Visual aids such as mind maps and flowcharts can be useful in education, allowing students to learn visually – very effective in aiding memory and organising thoughts. Bubbl.us allows children and teachers to get stuck in with building these types of diagram in the cloud, which they can then share with others.
Seesaw is a tool which allows students to create their own online journals or portfolios, allowing teachers to see their digital and physical work (captured through photography) all in one place. They can also add text and voice recordings to these which allow them to look back and develop an academic voice. Teachers can also share items with parents when required.

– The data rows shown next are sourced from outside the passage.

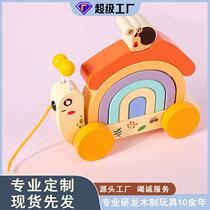 Wooden drag snail baby puzzle building stack toddler parent-child wooden early education aid toy rainbow building block car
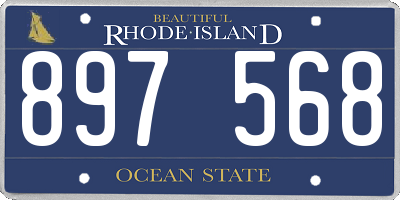 RI license plate 897568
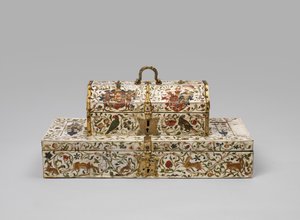 Cofanetto matrimoniale dipinto in avorio, 1600-99 da German School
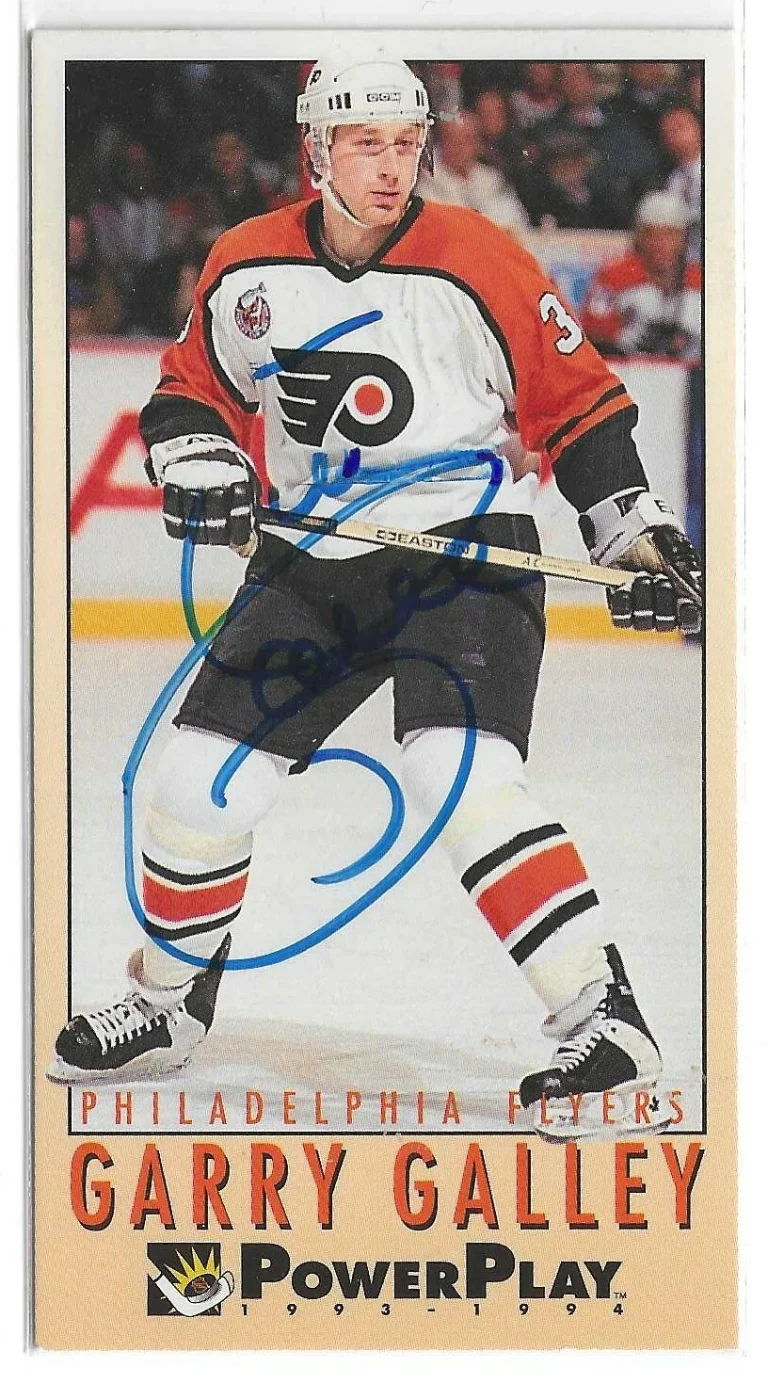 Garry Galley Signed 1993/94 Fleer Power Play Card #182 Philadelphia Flyers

Creativity and Storytelling
With ZooBurst, storytellers can create online 3D pop-up books on PCs or tablets, which can be linked to or embedded on a web page. Authors/creators can find images and combine them with text to create narrative content. Augmented reality is a really neat touch – hold up printed out pages in front of a webcam and it'll come alive in 3D.

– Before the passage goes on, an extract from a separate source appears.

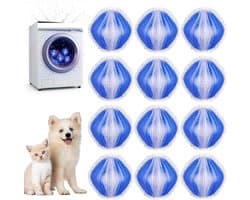 Dierenhaarverwijderaar Wasmachine - Pluisballen Set - Haarvrij Wassen - Herbruikbaar en Beschermend - 12 Stuks - Blauw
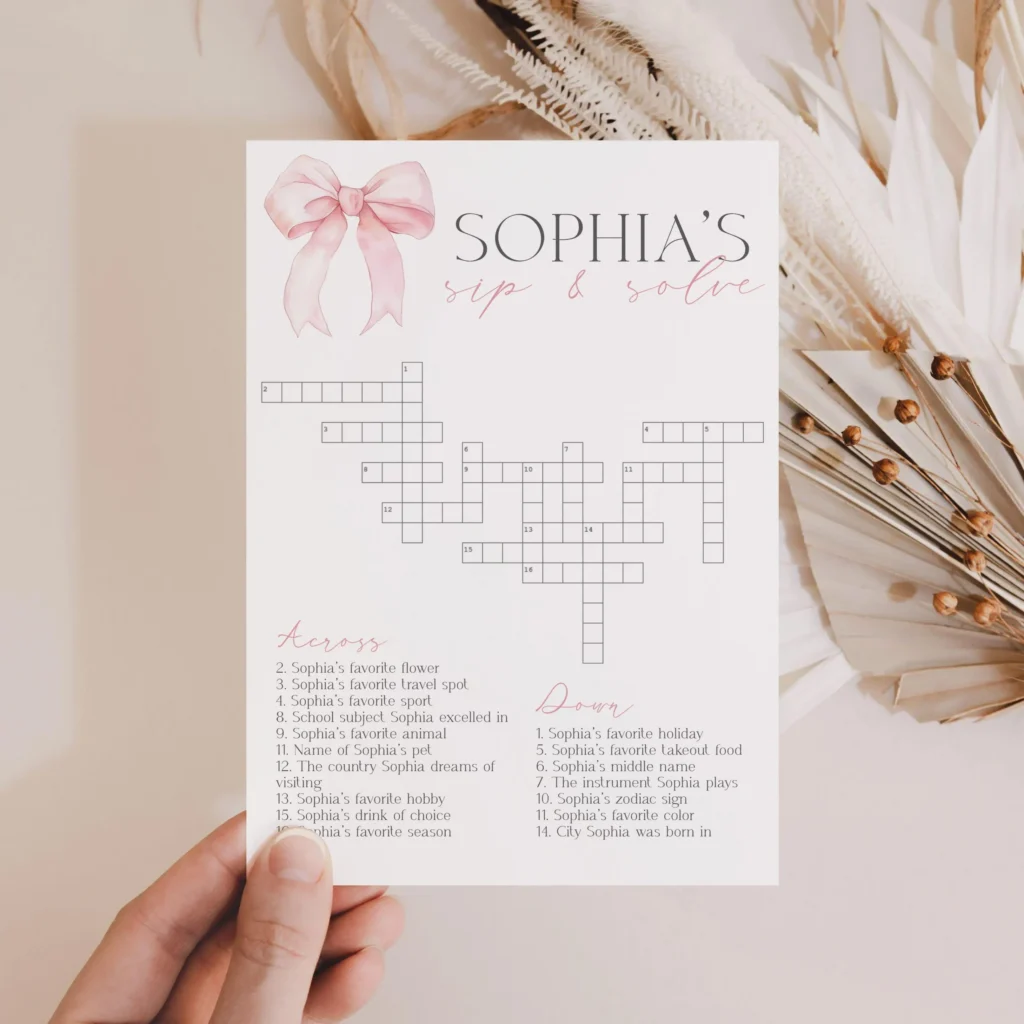 Birthday Crossword Sip Puzzle And Solve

Using digital photos found in libraries, online or taken in real-life, teachers and students can create comic pages to create high-impact and memorable stories with ComicLife. Children might be more easily persuaded to engage in material which is visually compelling, using their creativity and imagination to create their own narratives.
With the emergence of graphic novels as legitimate reading material, comics have become particularly interesting to educators, bridging the gap between learning and entertainment. With Pixton, teachers create classroom sites, which students join to use a step-by-step comic creator. They build their own visual stories, indulging their artistic and creative sides.
With Storybird, teachers and students can create their own narratives through a free online social community, combining their own words with a library of unique curated art supplied by artists. These stories, which could be about any subject (such as science or history) can be shared or even printed for a fee.
Green-screen technology is not something you associate with teaching, but with I Can Present it's possible to become broadcast journalists by creating and filming presentations in front of appropriate backgrounds uploaded using image files, combined with the use of a teleprompter. An interesting way to build speaking, listening and creative writing skills.